Exercise details:
From the line containing "Britney Spears Comments" down to the last line of the listing, quote everything word for word, and nothing else, keeping pictures out.

Material provided:
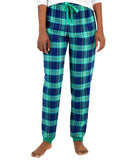 Jenni Womens Cotton Flannel Pajama Pants 100173174MS Shirt Plaid Green 2XL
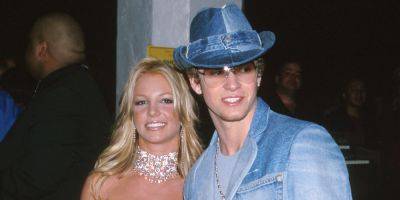 Britney Spears Comments on Iconic Denim-on-Denim Look with Justin Timberlake - www.justjared.com - USA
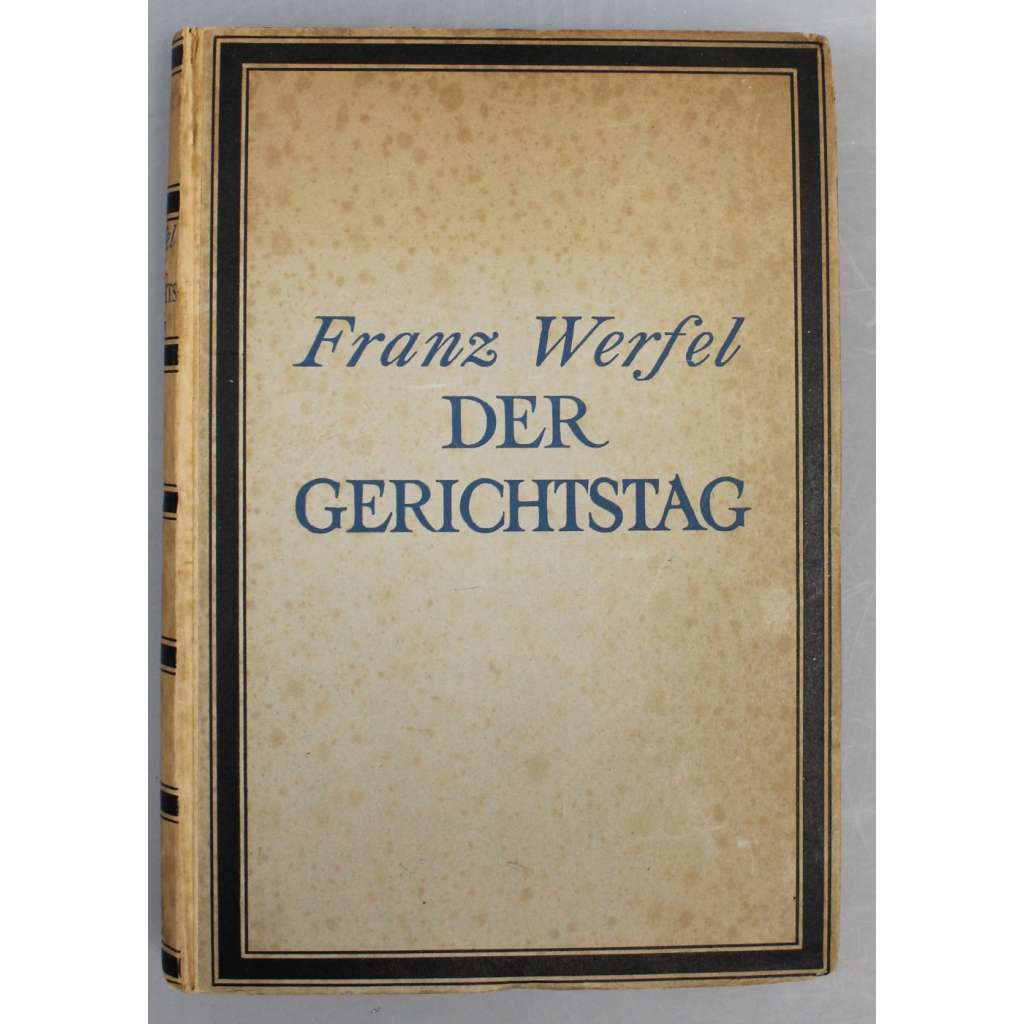 Der Gerichtstag in fünf Büchern (poezie, balady, expresionismus, pražská německá literatura)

Reply to the exercise:
 Britney Spears Comments on Iconic Denim-on-Denim Look with Justin Timberlake - www.justjared.com - USA
 Der Gerichtstag in fünf Büchern (poezie, balady, expresionismus, pražská německá literatura)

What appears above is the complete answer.